__To do__. Only the lines from the first line of the data through the line containing "A sandy beach" belong in the answer, transcribed exactly; pictures do not.

——————

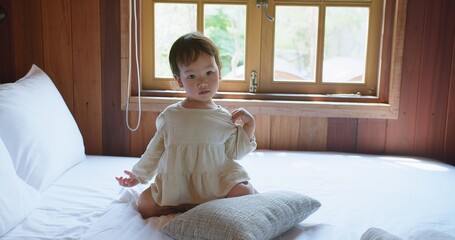 A young Asian child girl in a white robe sits on a large bed relaxing resting in bedroom, gazing...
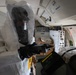 A person wearing a full white hazmat/Tyvek protective suit with a black respirator/gas mask is operating inside what appears to be the interior of a small aircraft or similar vehicle. They are holding a handheld scanning or detection device. The environment contains equipment panels, cardboard boxes, and various instruments consistent with a decontamination or hazardous materials assessment operation.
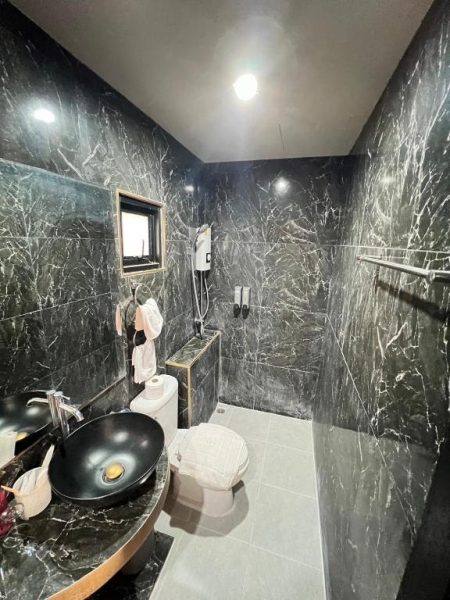 Baño de mármol negro con lavabo redondo y ducha en Coco Residence Si Saket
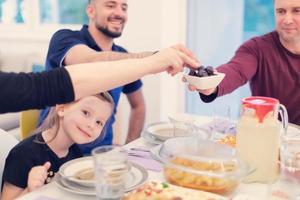 Eid Mubarak islamic family have Iftar dinner during Ramadan fest photo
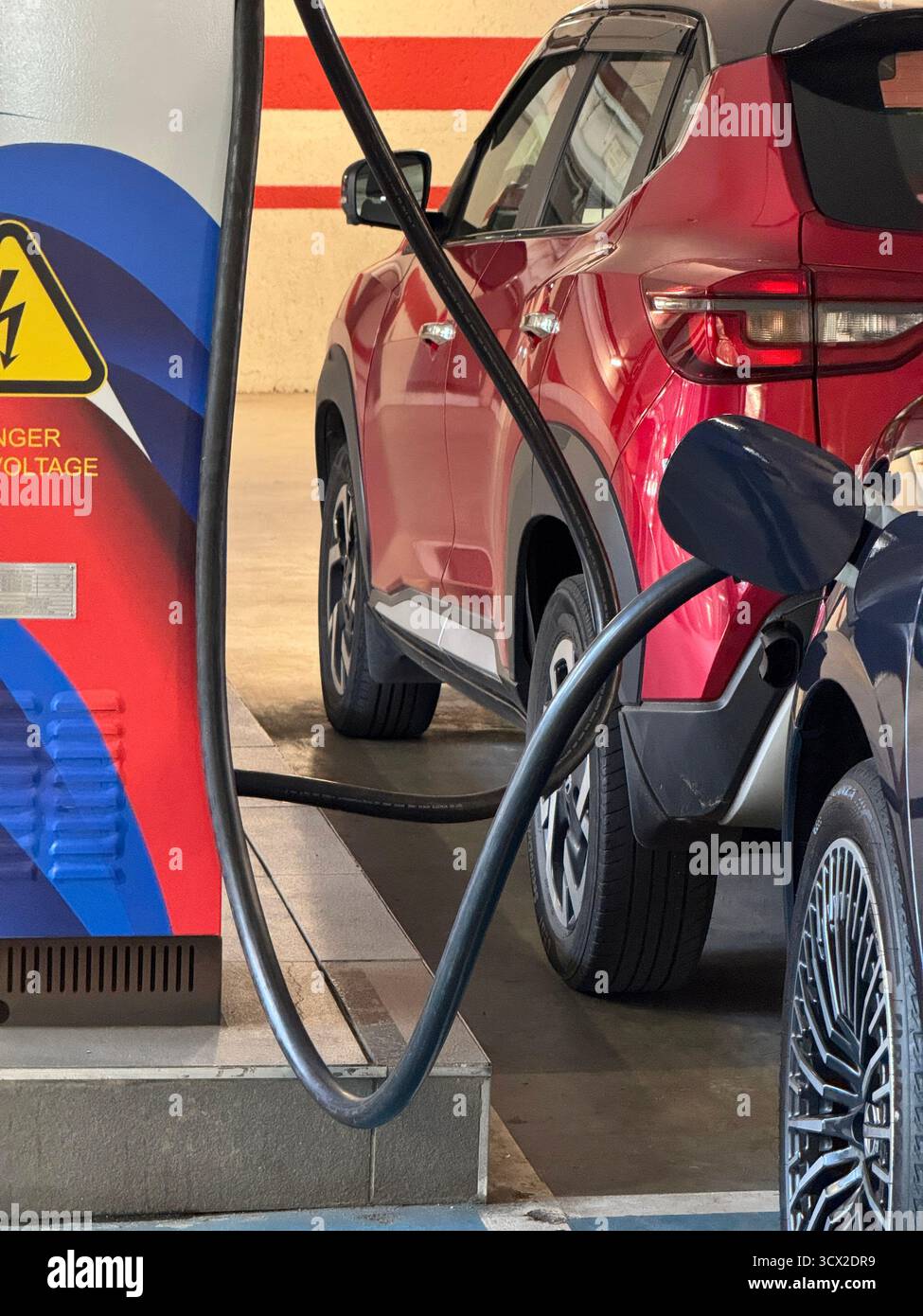 An electric vehicle on charge with a petrol vehicle parked opposite it in a shopping centre - Smartphone Captured Stock Image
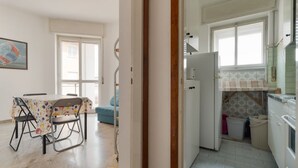 A kitchen with a refrigerator, a sink, and a window. There is a dining area with a table and chairs. - Cozy 57m2 apartment, ideal for 3 people, located on the fifth floor of a building with lift.The property is located in the Navigli area, one of the areas most loved by citizens and tourists, in a context full of services. The location is also ideal for r (Milan)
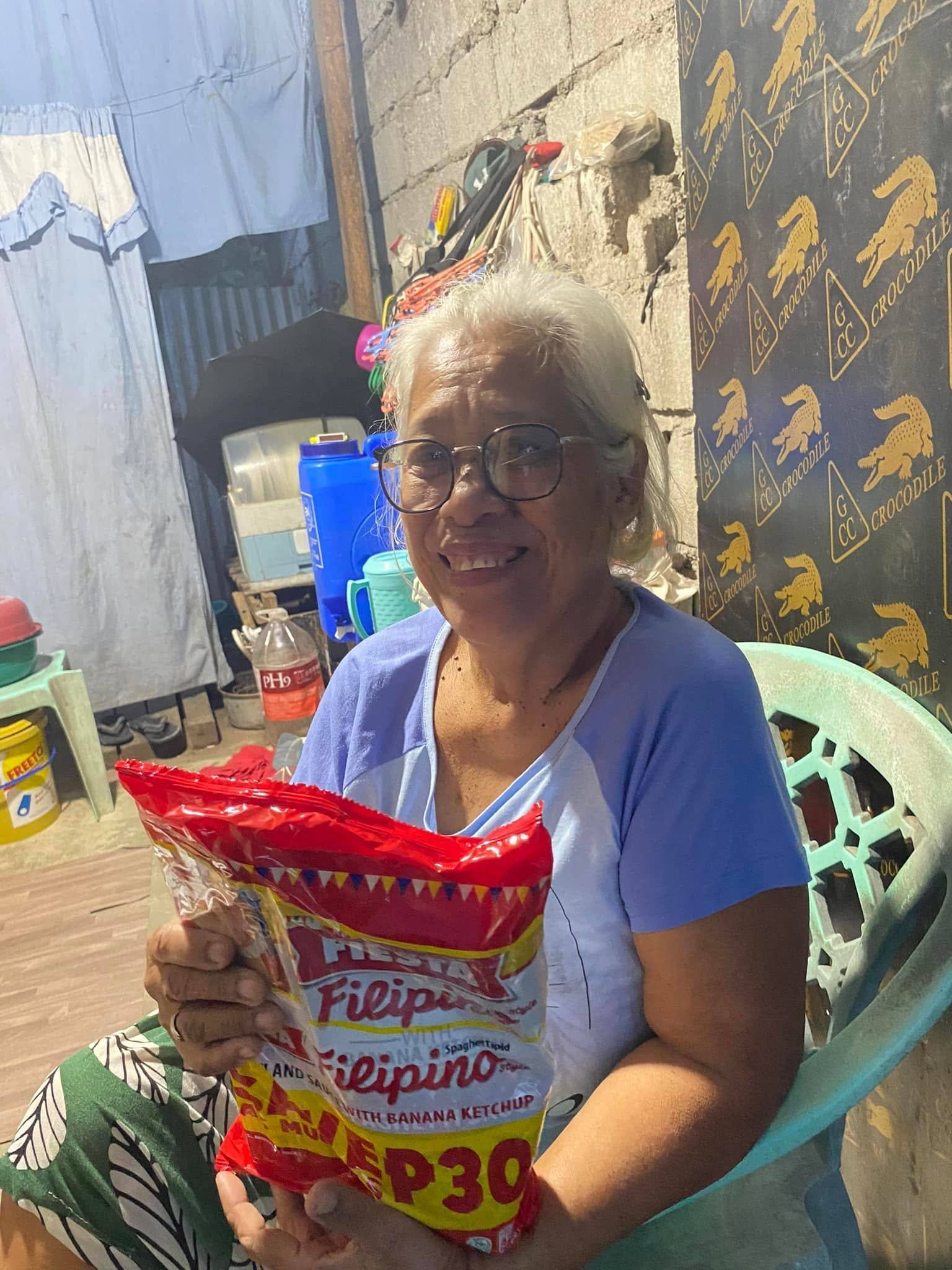 An older woman in glasses, seated in a plastic chair at home, smiles and holds up her spaghetti pack.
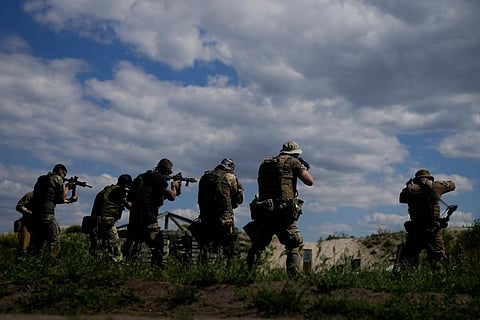 Civilian militia men hold rifles during training at a shooting range in outskirts Kyiv, Ukraine. (Photo | AP)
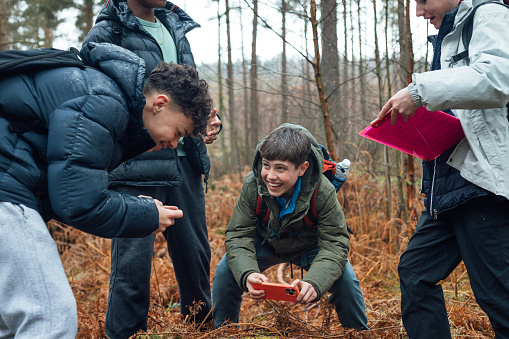In Rothbury's woodlands, a group of male student teenagers are on an educational walk. They explore nature, blending lessons with the outdoors. They are standing in a circle smiling while using a smartphone to take pictures and inspect the forest floor.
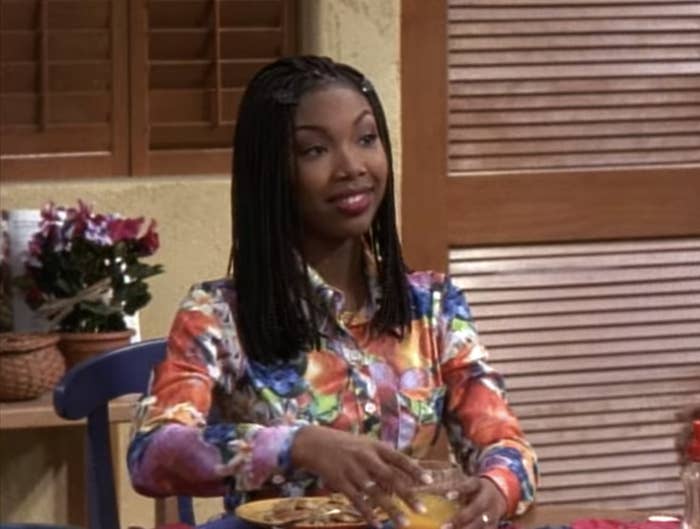 Moesha sits at her dining room table, looking quite fashionable and smart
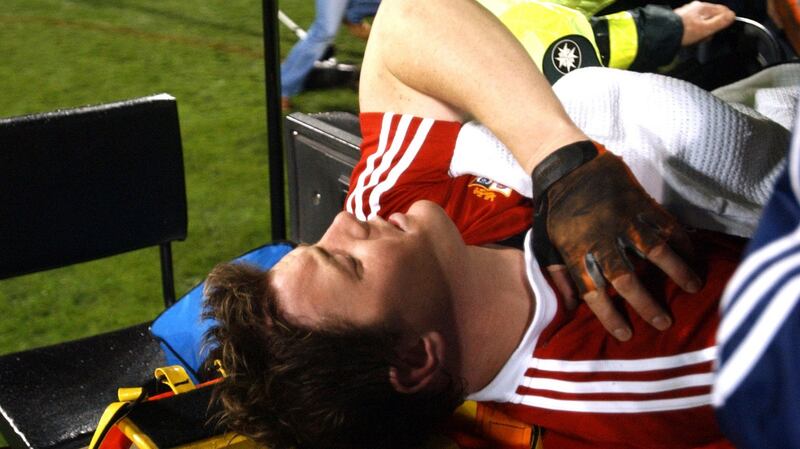 Lions captain Brian O’Driscoll leaves the field on a stretcher. Photograph:   Phil Walter/Getty Images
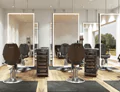 Tiny modern salon interior with comfortable chairs and sleek illuminated mirrors in Adelaide.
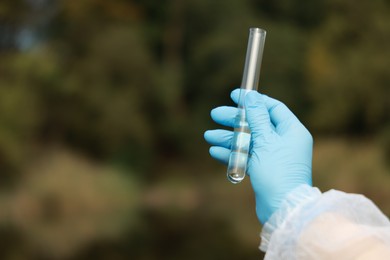 Photo of Examination of water quality. Researcher holding test tube with sample outdoors, closeup. Space for text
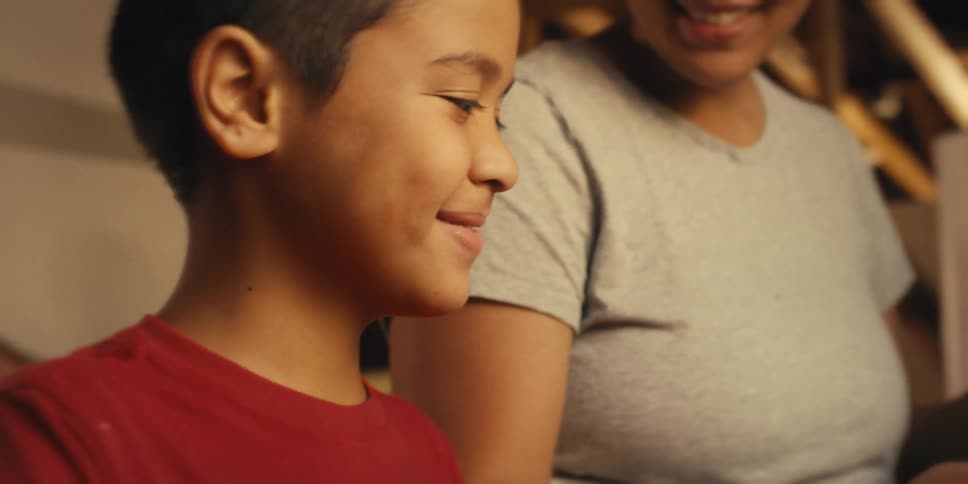 A young boy smiles while working on a project with an adult in the background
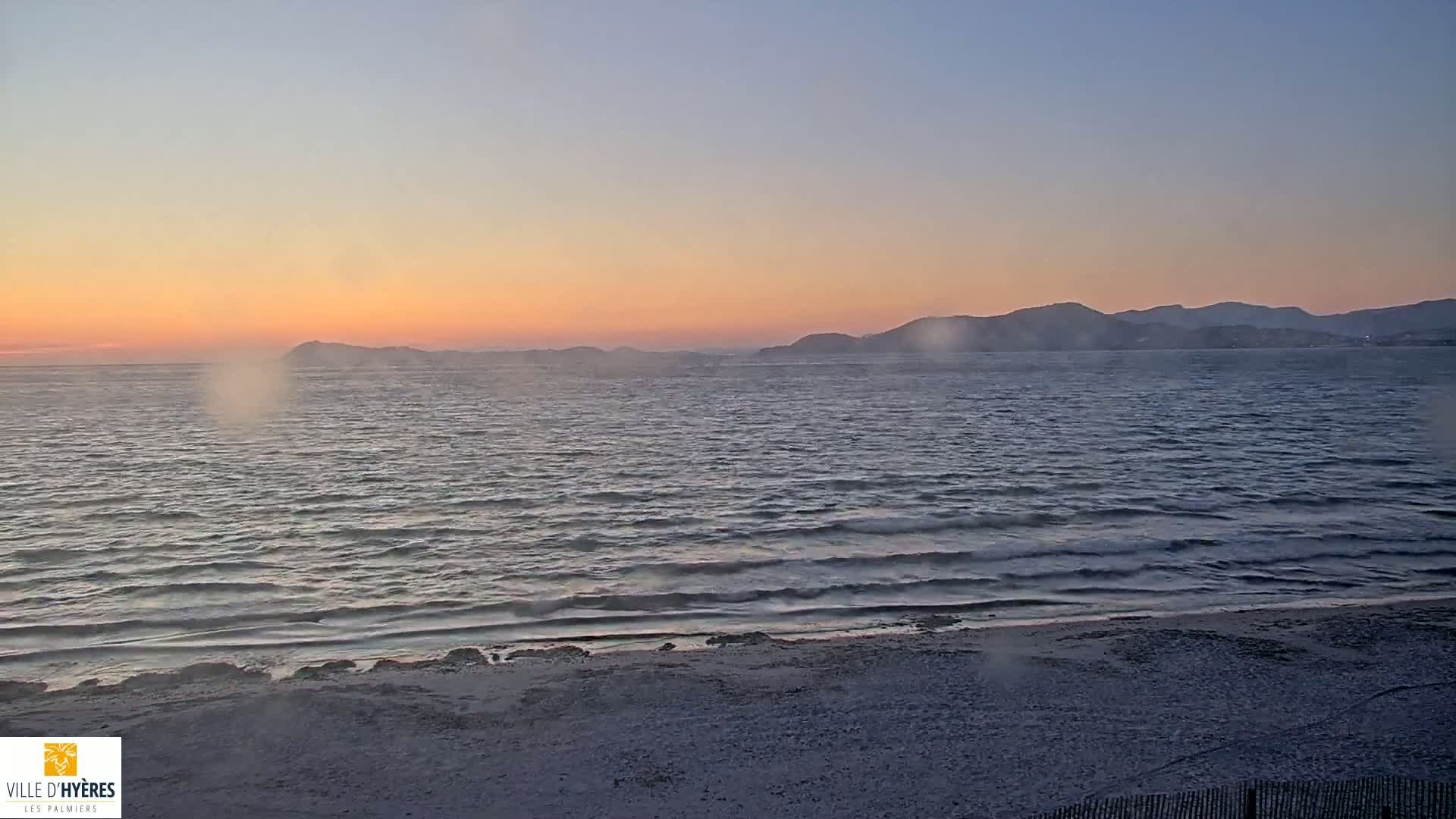 A sandy beach at sunset overlooks a calm sea with small waves, and distant mountains under a hazy, pinkish sky.
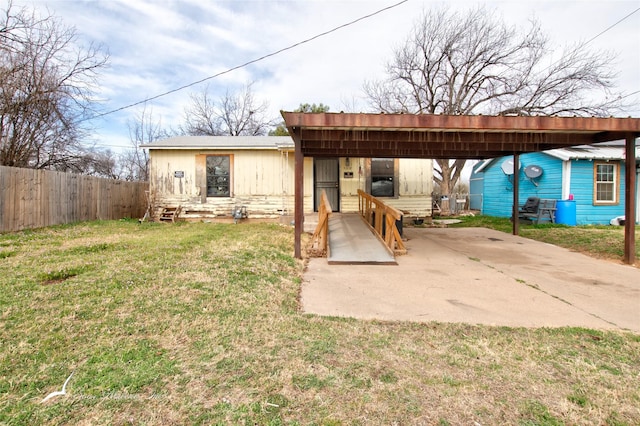 rear view of house with a lawn, a detached carport, entry steps, and fence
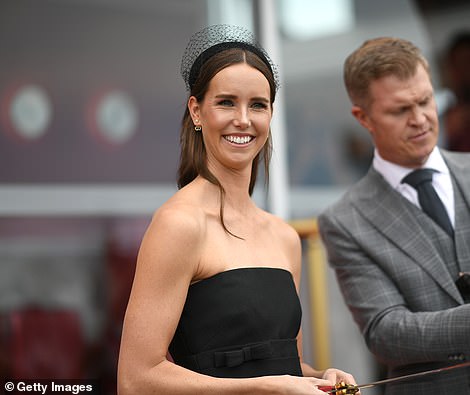 The retired Olympic swimmer looked dazzling in her black designer frock just moments before it exploded all over her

——————

__Completed task__.
 A young Asian child girl in a white robe sits on a large bed relaxing resting in bedroom, gazing...
 A person wearing a full white hazmat/Tyvek protective suit with a black respirator/gas mask is operating inside what appears to be the interior of a small aircraft or similar vehicle. They are holding a handheld scanning or detection device. The environment contains equipment panels, cardboard boxes, and various instruments consistent with a decontamination or hazardous materials assessment operation.
 Baño de mármol negro con lavabo redondo y ducha en Coco Residence Si Saket
 Eid Mubarak islamic family have Iftar dinner during Ramadan fest photo
 An electric vehicle on charge with a petrol vehicle parked opposite it in a shopping centre - Smartphone Captured Stock Image
 A kitchen with a refrigerator, a sink, and a window. There is a dining area with a table and chairs. - Cozy 57m2 apartment, ideal for 3 people, located on the fifth floor of a building with lift.The property is located in the Navigli area, one of the areas most loved by citizens and tourists, in a context full of services. The location is also ideal for r (Milan)
 An older woman in glasses, seated in a plastic chair at home, smiles and holds up her spaghetti pack.
 Civilian militia men hold rifles during training at a shooting range in outskirts Kyiv, Ukraine. (Photo | AP)
In Rothbury's woodlands, a group of male student teenagers are on an educational walk. They explore nature, blending lessons with the outdoors. They are standing in a circle smiling while using a smartphone to take pictures and inspect the forest floor.
 Moesha sits at her dining room table, looking quite fashionable and smart
 Lions captain Brian O’Driscoll leaves the field on a stretcher. Photograph:   Phil Walter/Getty Images
 Tiny modern salon interior with comfortable chairs and sleek illuminated mirrors in Adelaide.
 Photo of Examination of water quality. Researcher holding test tube with sample outdoors, closeup. Space for text
 A young boy smiles while working on a project with an adult in the background
 A sandy beach at sunset overlooks a calm sea with small waves, and distant mountains under a hazy, pinkish sky.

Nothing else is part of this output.